May I be the first atrocious pedant to dive in and point out that the Festive 50 that year was, indeed, a Festive 31, because apparently John didn’t have enough time to play fifteen records.
The full (lack of a) story is here – http://peel.wikia.com/wiki/1997_Festive_Fifty
Incidentally I think this is one of the strongest festive fifty lists – though of course it’s out of step with what was in the charts or the critic lists, that doesn’t reflect badly on it at all.
32. NO MERCY
Re 31: Maybe not the best place to mention it, but the art of the fade-out was rapidly becoming a lost art in the late 90s. Introducing a new element on the fade hadn’t been common since the 60s but still persisted (Pet Shop Boys knew how to deploy a good fade); this is a good indicator of how crafted a record Torn was, like the song or not.
A bunnied Swedish producer seemed (to me) to really kill off the art of the fade – but maybe there’s an earlier clunky Popular example I can’t think of.
The most infuriating fade-out of the 80 has to be Oran Juice Jones ‘The Rain’. And not even a longer 12″ mix (that I’m aware of) to compensate.
Worst example I’ve encountered recently is on ‘Rooting For My Baby’ by Miley Cyrus where it seems like she is really not done singing the (actually v good) song yet but it just ends anyway.
A good example of a clunky fade souring a decent song is coming up very soon indeed. (exit pursued by bunny)
Re: 10 etc – for me, OK Computer was when Radiohead went from ‘I don’t like this, but I understand why people do’ to ‘this is actively unpleasant.’ Obviously, people loved it, though, not least the readers of Q, where I had fetched up in the autumn of 1997. That, almost but not quite, marked the point at which I stopped offering opinions on music for print. Although I wrote for Q on and off up until 2010, I did exactly one music review in all that time. My initial role at Q, the best-paid job pro-rata I have ever had, was putting together the gig listings pages. It was a lovely arrangement designed to leave me free to write for Neon the rest of the time, an unofficial bit of cross-subsidisation between two Emap Metro magazines.
After five years clinging on at Select, it was a huge relief.

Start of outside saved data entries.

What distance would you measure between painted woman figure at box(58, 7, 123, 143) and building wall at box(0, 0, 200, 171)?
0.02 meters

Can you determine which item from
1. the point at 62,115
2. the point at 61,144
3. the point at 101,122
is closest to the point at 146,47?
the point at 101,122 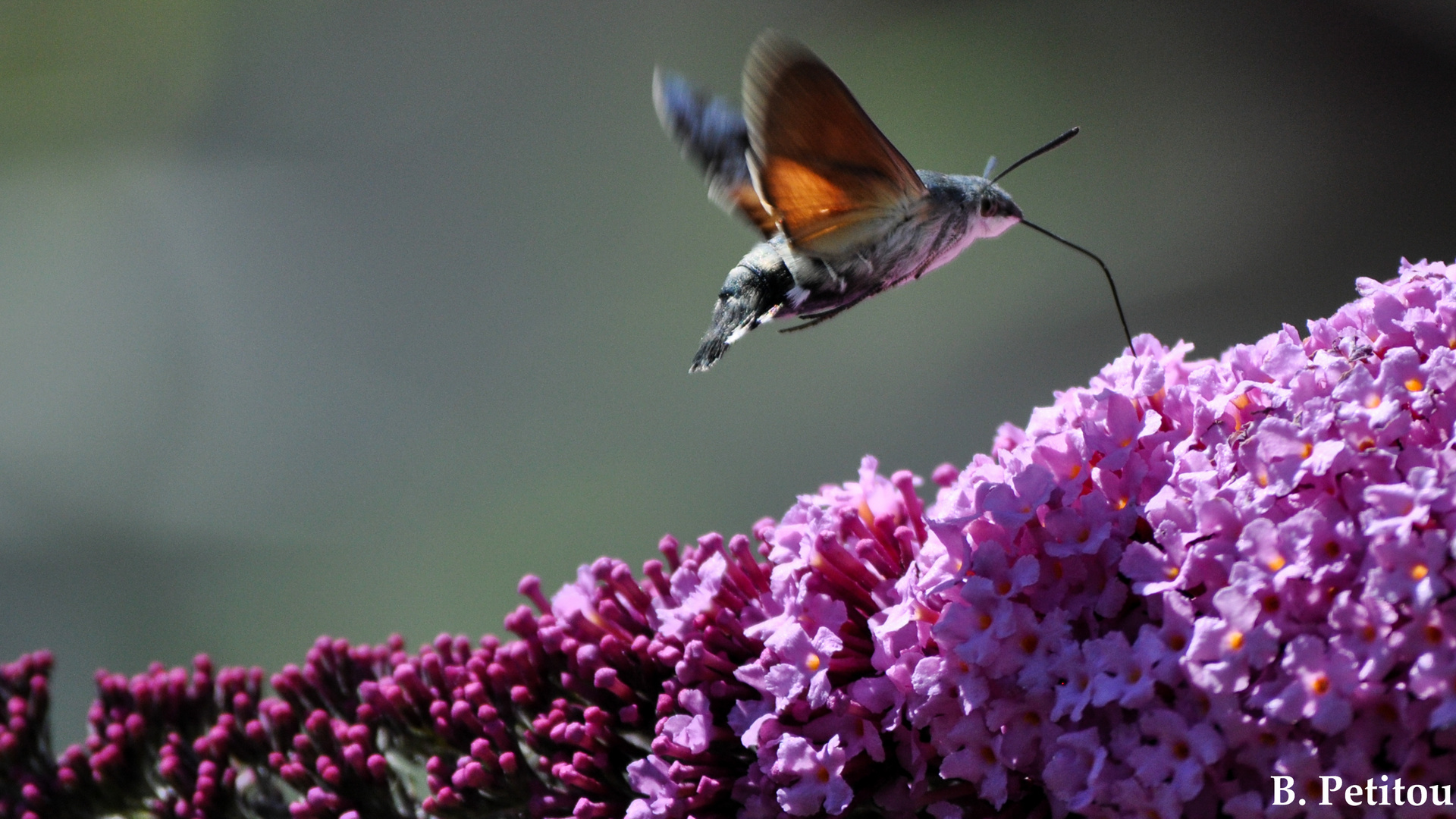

I felt I had written all I had to say about the music of the ’90s. That’s why I’m surprised at how much I like on those end of the year lists.
Turned out I had a lot more to say about films… Still do.
The fade on ‘Whiter Shade of Pale’ is pretty dire too, as if they didn’t really know how to end it. Brooker launches into a new chorus, but barely makes it to the end of the first line.
I voted for ten here, and as ever there were a few near-misses. I appear to be one of only four who liked the Gary Barlow record. And it’s amusing to see the Tubbies outscoring Elt by eight to one. The thing is, I really like ‘Something About …’ – I reckon it’s a stronger song than his two other solo number ones (one of which is a bunny) – if it hadn’t played second fiddle to CITW97 I’d have voted for that too.
Re: 41. Radiohead fandom seems like an aspect of Tom’s teenage Smiths fandom he mentioned in an old FT essay (correct me if I’m wrong here because I searched for the piece to quote when I wrote my Oasis essay for Louder Than War but couldn’t find it) where he said a part of the reason he loved The Smiths was empaphising with the sadness and awkwardness but he’d never admit that to his friends so he’d use critic-speak when saying why he liked them: The Smiths were witty, literate, innovative etc. Same seems to go with Radiohead: friends who into them will always down play the melancholia “I don’t think of them as miserable” etc and talk about innovation and creative momentum.
I think they’re a gateway to the avant garde for a generation of (mostly) boys raised on the pomp rock of Oasis, Welsh Bunnies etc: spiky and nonlinear enough to sound new and different but loud brash and grandiose enough to sit comfortably alongside those sort of bands on the indie side of a Now album. Also grunge for wimps or at least post Brit pop heads put off by US Rawk vocals.
I should have said ‘an aspect of Radiohead fandom’ – I’m not suggesting that’s the only reason people are listening to them but I think it does go some way to explain the protectiveness a lot of fans seem to display toward the band’s critical reputation.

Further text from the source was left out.